Dette intérieure : le chiffre de 4 340 milliards est-il surestimé par le gouvernement ?

Le président de la Fédération des Entreprises du Gabon l’a dit sans détour, en marge du Gabon Economic Forum : toutes les créances présentées par les entreprises ne méritent pas d’être retenues. Certains documents soumis sont contestables. La Task Force et le ministère de l’Économie trient. Et ce tri, selon Alain-Claude Kouakoua, pourrait changer substantiellement la lecture du dossier. Ce que cela signifie concrètement : le chiffre de 4 340 milliards de fcfa, présenté depuis des mois comme le montant de la dette intérieure de l’État gabonais, est potentiellement surestimé. Personne ne sait encore de combien.

Ce n’est pas un détail comptable. C’est une question de souveraineté budgétaire et de crédibilité institutionnelle. Si une part significative de ce passif repose sur des créances fabriquées, gonflées ou simplement non justifiées, le Gabon a supporté pendant des années une pression politique et médiatique fondée sur des chiffres non audités. Pire : les négociations conduites avec le FMI, qui intègrent la trajectoire de la dette intérieure dans l’évaluation de la consolidation budgétaire et de l’espace fiscal disponible, se sont déroulées sur cette base. La solidité du programme économique gabonais repose en partie sur un chiffre dont la fiabilité vient d’être publiquement mise en doute par le premier représentant du secteur privé organisé.

La FEG elle-même reconnaît qu’environ 50% de la dette aurait déjà été remboursée depuis l’arrivée du CTRI. Des entreprises créancières qui ont été payées, selon les termes d’Alain-Claude Kouakoua, « ne le disent pas, ne le communiquent pas ». Ce silence mérite une explication. S’agit-il d’une stratégie délibérée pour maintenir une pression maximale sur l’État ? D’une retenue liée à des contentieux parallèles en cours ? Ou simplement d’un déficit de transparence symétrique à celui que le secteur privé reproche aux pouvoirs publics ? La question reste ouverte, mais elle révèle que l’opacité dans ce dossier n’est pas unilatérale.

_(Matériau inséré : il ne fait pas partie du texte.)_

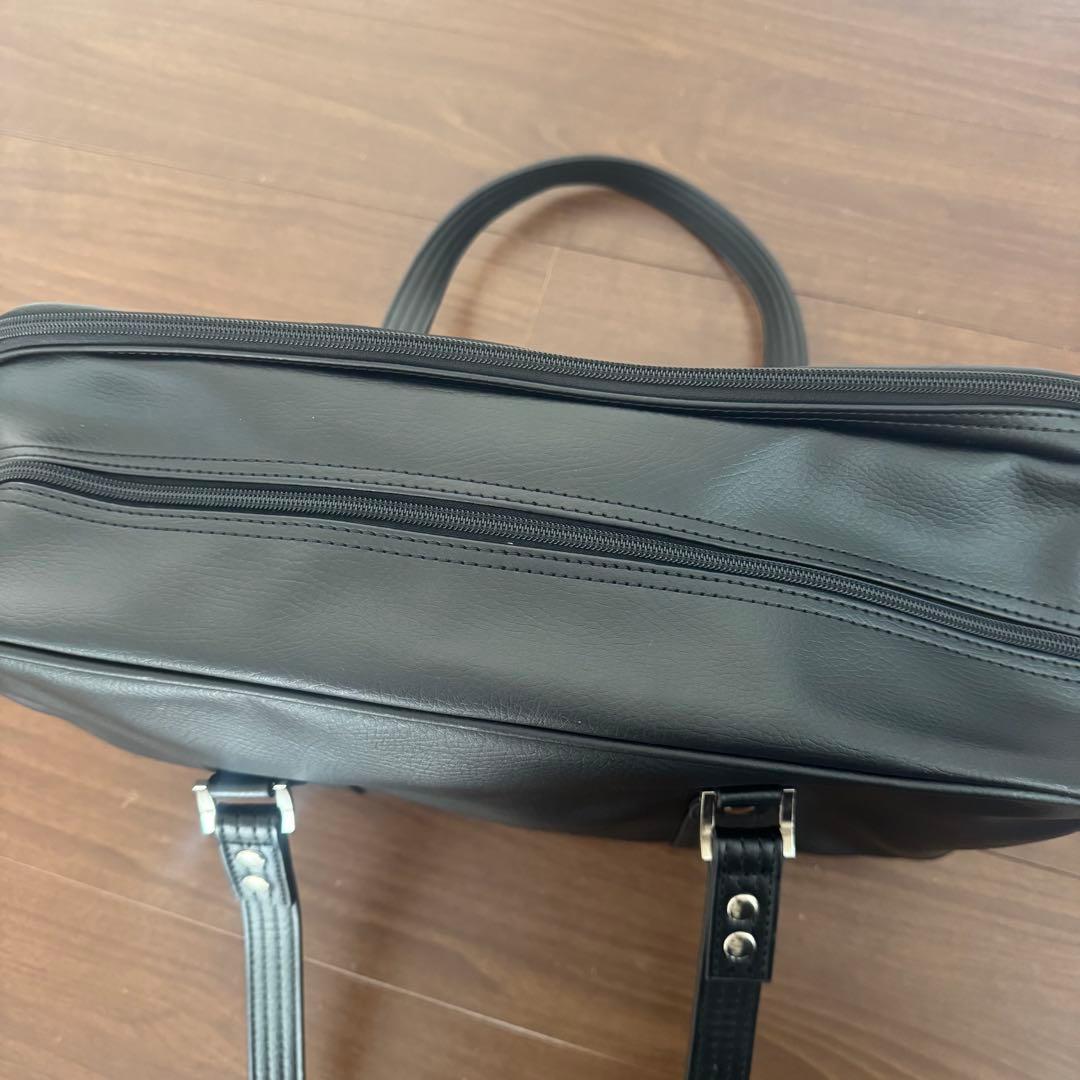 イーストボーイ スクールバッグ 黒 EASTBOY ほぼ新品 スクバ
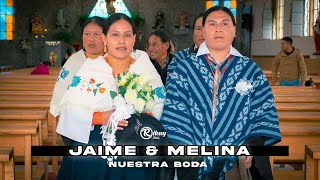 Jaime & Melina / Otavalo /Bodas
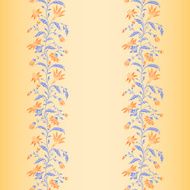 Vector Ornamental background N25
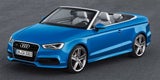 So kommt das neue Audi A3 Cabrio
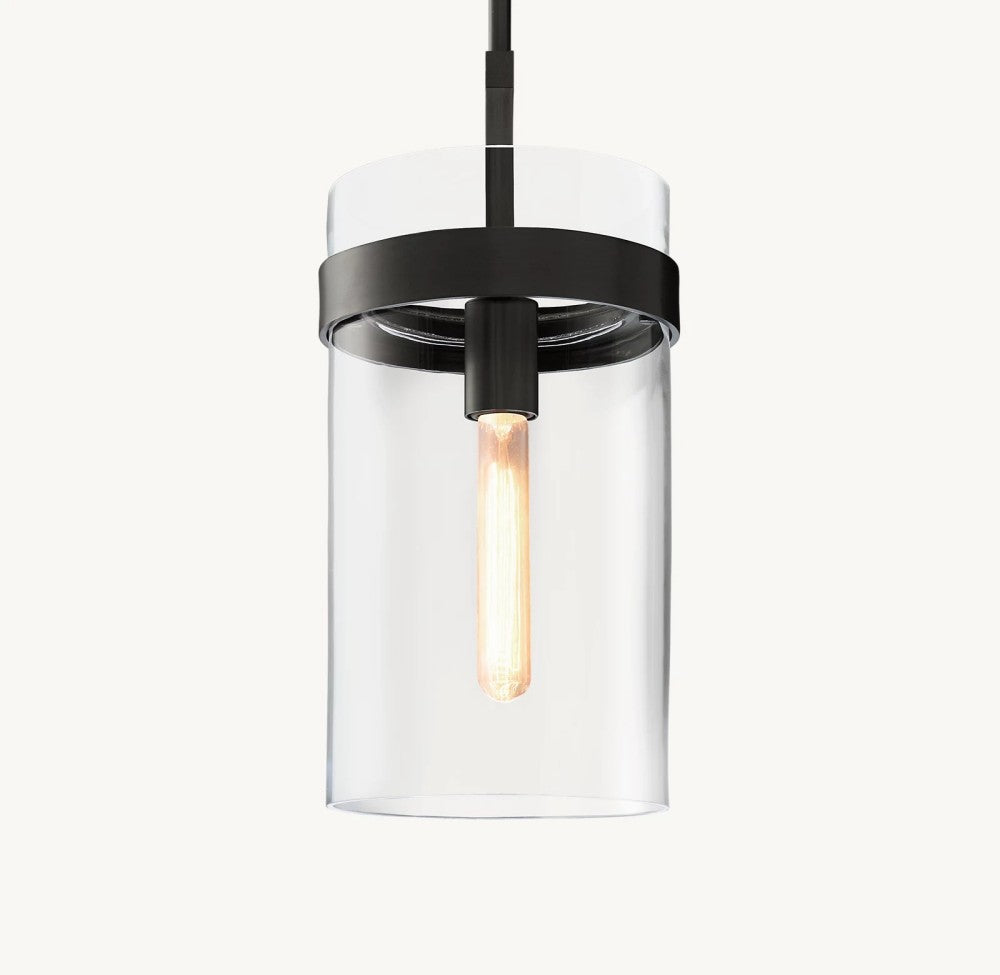Lavelle Pendant 8"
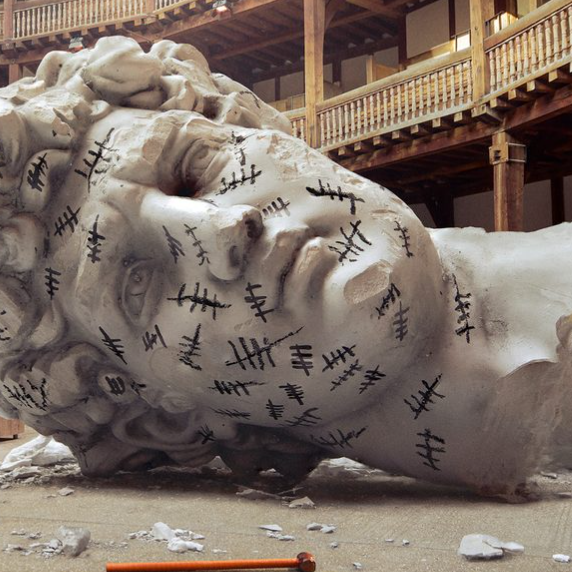 Troilus and Cressida — Performance at Globe Theatre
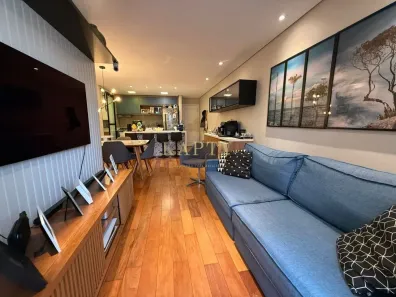 Apartamento com 3 Quartos à venda, 80m² no Vila Uberabinha, São Paulo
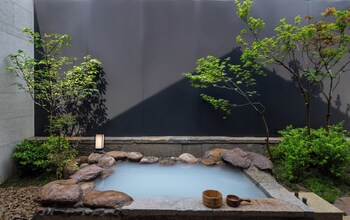 beijing wanli yipiao courtyard hot spring resort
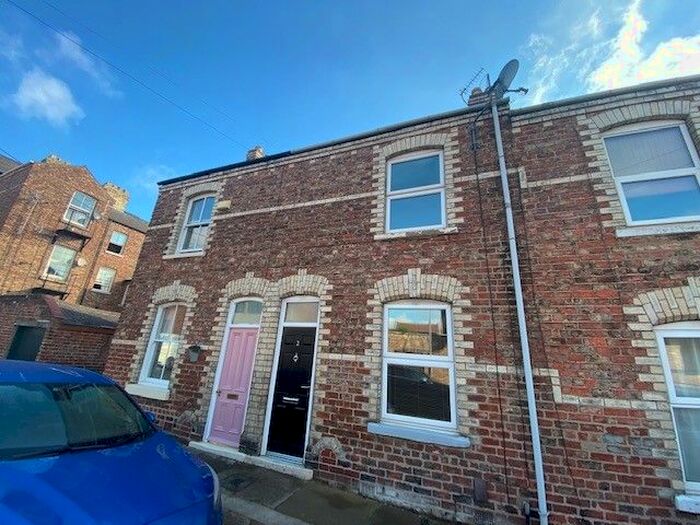 2 Bedroom Terraced House To Rent In Severus Street, Acomb, York, YO24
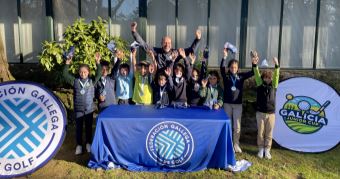 3ª PRUEBA GALICIA JUNIOR CUP 2025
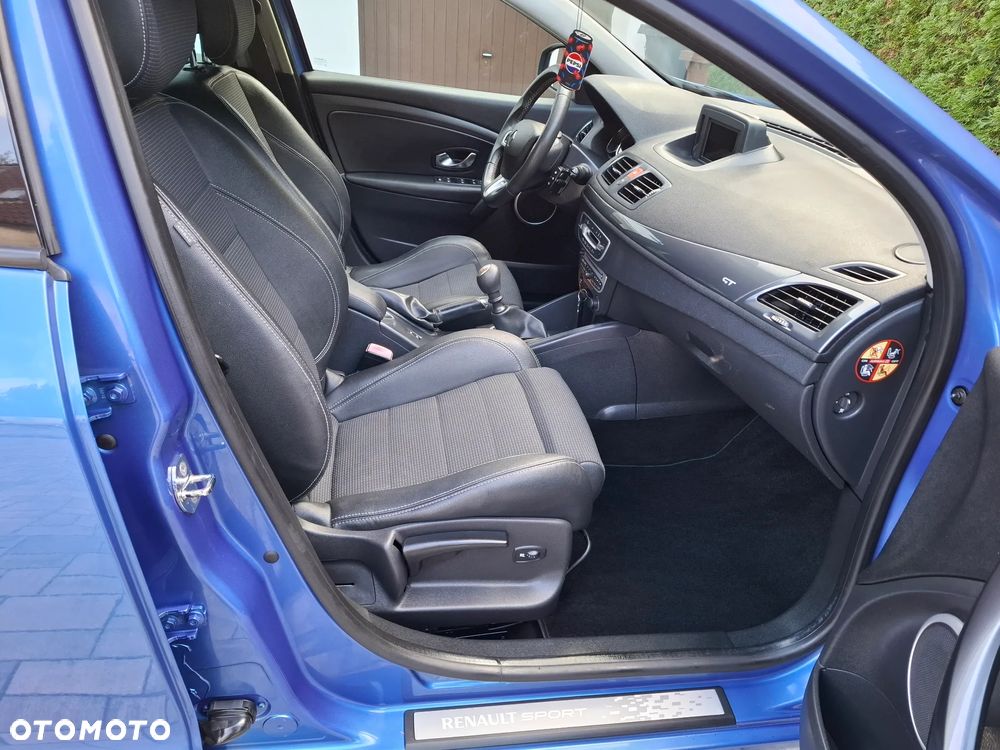 Renault Megane dCi 160 FAP GT - 11
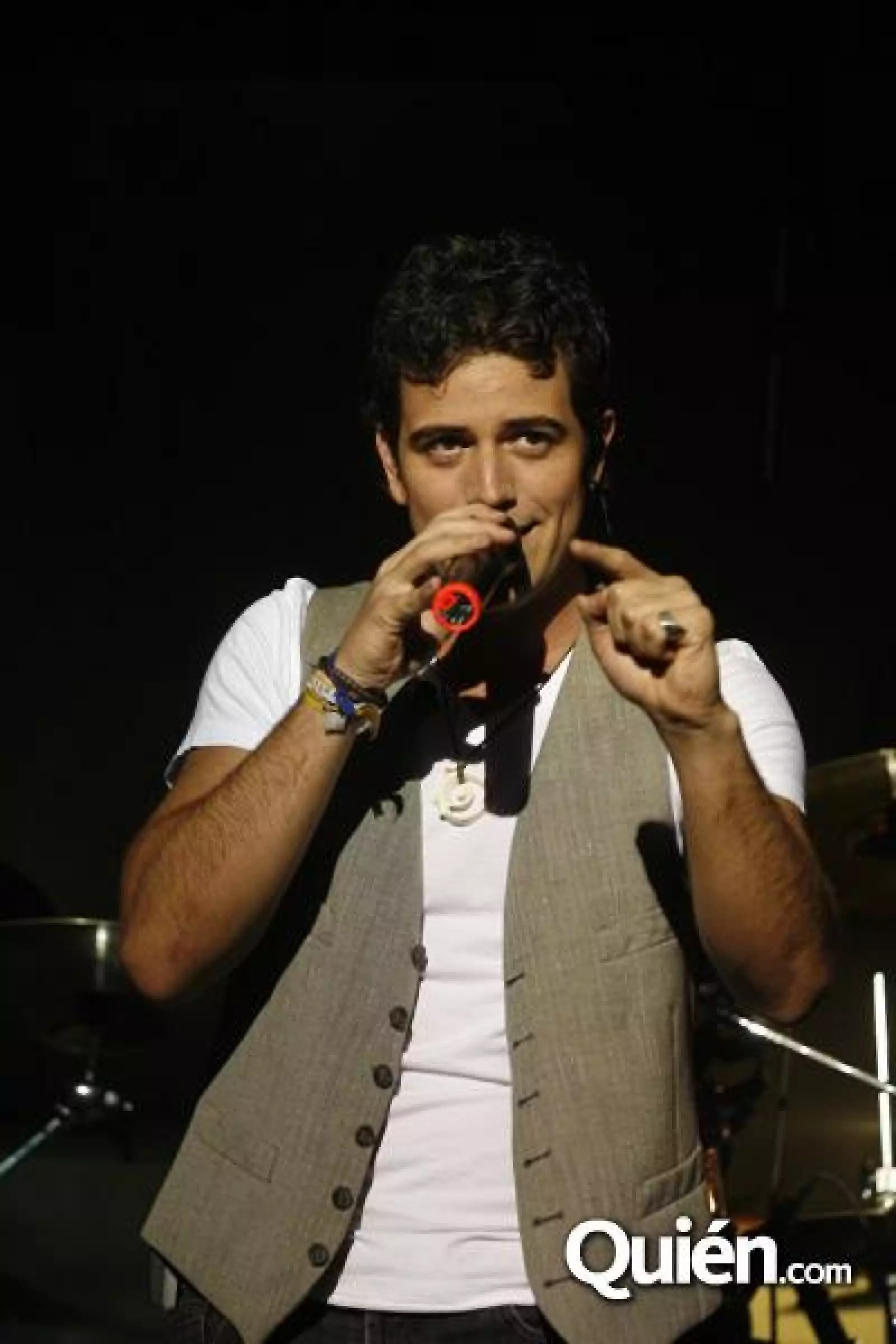 Presentación disco Mane de la Parra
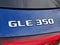 2020 Mercedes-Benz GLE GLE 350 4MATIC® SUV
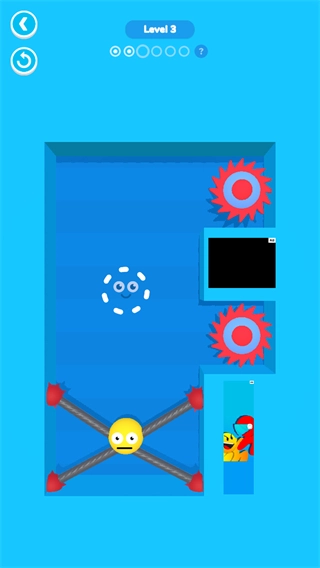 橡皮人快跑全部皮肤解锁(3)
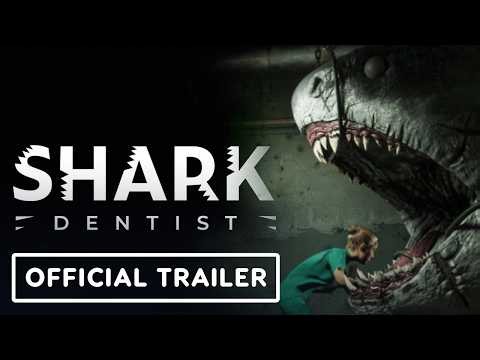 Shark Dentist Official Gameplay Trailer - IGN Live 2026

L’échéancier de cinq ans que la FEG entend soumettre au gouvernement le 15 juillet prochain s’appliquera donc à un solde encore indéterminé. Le principe retenu est clair : seule la dette certaine, validée par audit conjoint entre la Task Force et le ministère de l’Économie, sera intégrée dans le programme de remboursement. Ce filtre est sain. Il est même indispensable. Mais il soulève une question de gouvernance que personne ne pose : pourquoi cet audit n’a-t-il pas été conduit dès 2023, au moment où le CTRI prenait la mesure de l’héritage budgétaire laissé par le régime précédent ? Trois ans ont été perdus à négocier sur des chiffres non certifiés.

Ce que l’on sait aujourd’hui : le montant réel de la dette intérieure gabonaise sera inférieur aux 4 340 milliards affichés. Ce que l’on ignore encore : l’ampleur de l’écart, les secteurs où les surévaluations sont les plus importantes, et la part de responsabilité des administrations publiques qui ont validé des marchés ou des livraisons sans contrôle suffisant. C’est cet écart, et les responsabilités qu’il engage, qui devraient concentrer l’attention des observateurs. Pas les annonces de calendrier.